> **WHAT YOU SHOULD DO**
Repeat all the records exactly, omitting pictures.

> **RECORD EXTRACTS**
----------------
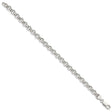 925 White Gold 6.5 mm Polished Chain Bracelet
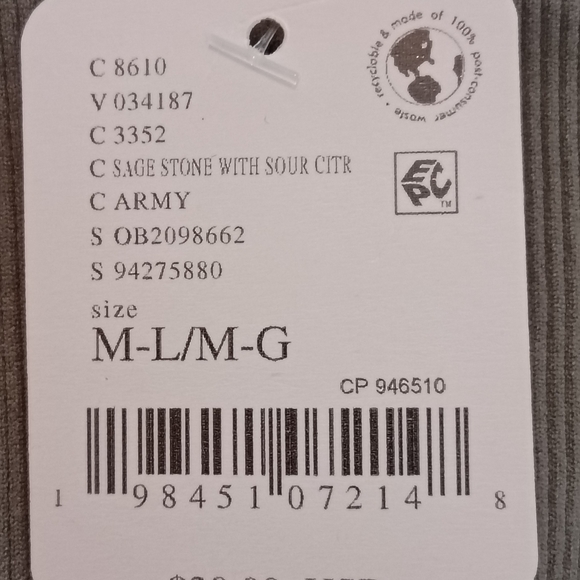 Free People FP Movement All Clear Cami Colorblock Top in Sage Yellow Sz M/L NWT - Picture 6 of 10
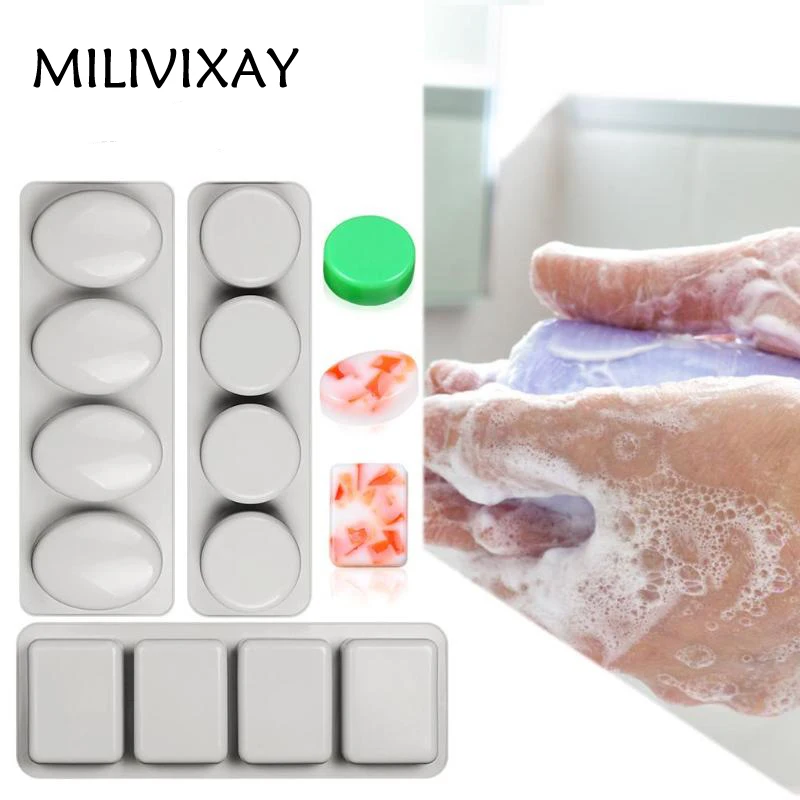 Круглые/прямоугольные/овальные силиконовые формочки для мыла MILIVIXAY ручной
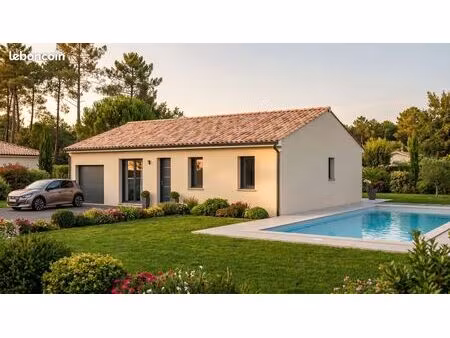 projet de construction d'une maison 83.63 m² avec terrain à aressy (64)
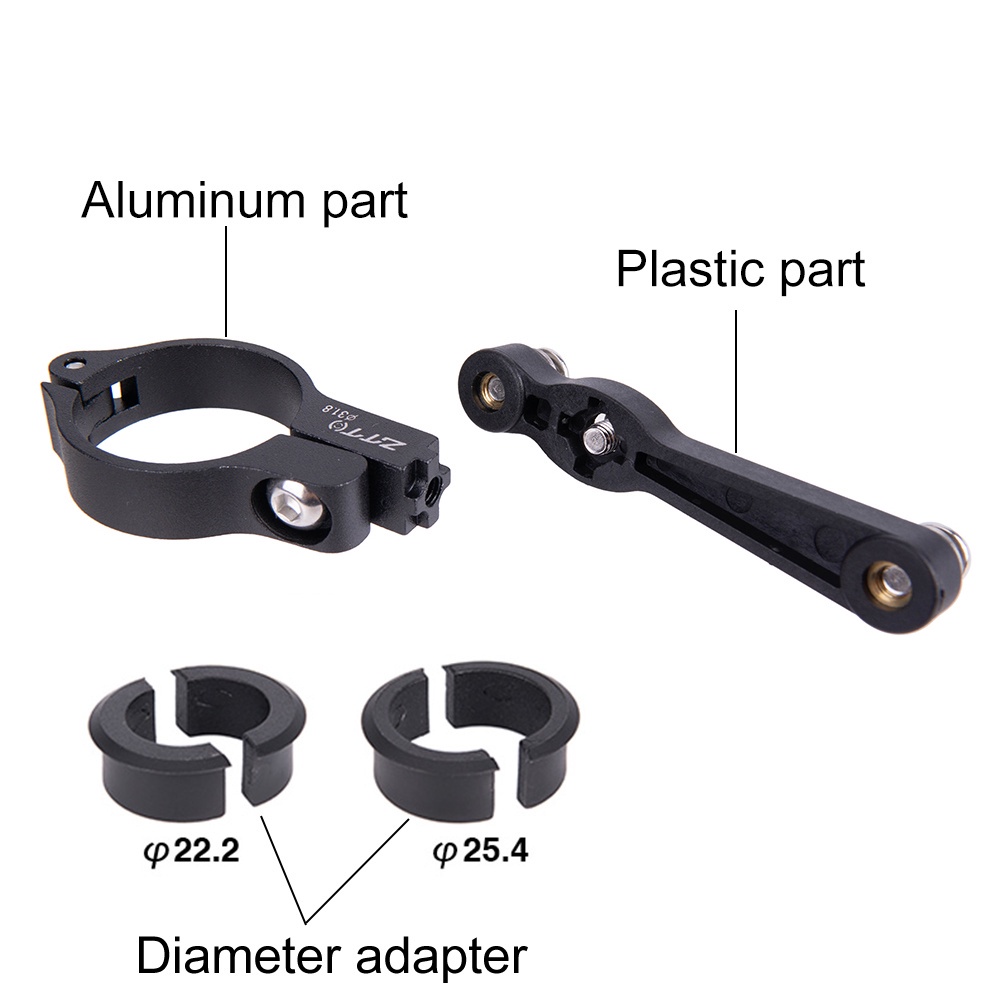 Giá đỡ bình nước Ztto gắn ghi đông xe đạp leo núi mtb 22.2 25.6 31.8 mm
----------------
> **WRITTEN REPLY**
 925 White Gold 6.5 mm Polished Chain Bracelet
 Free People FP Movement All Clear Cami Colorblock Top in Sage Yellow Sz M/L NWT - Picture 6 of 10
 Круглые/прямоугольные/овальные силиконовые формочки для мыла MILIVIXAY ручной
 projet de construction d'une maison 83.63 m² avec terrain à aressy (64)
 Giá đỡ bình nước Ztto gắn ghi đông xe đạp leo núi mtb 22.2 25.6 31.8 mm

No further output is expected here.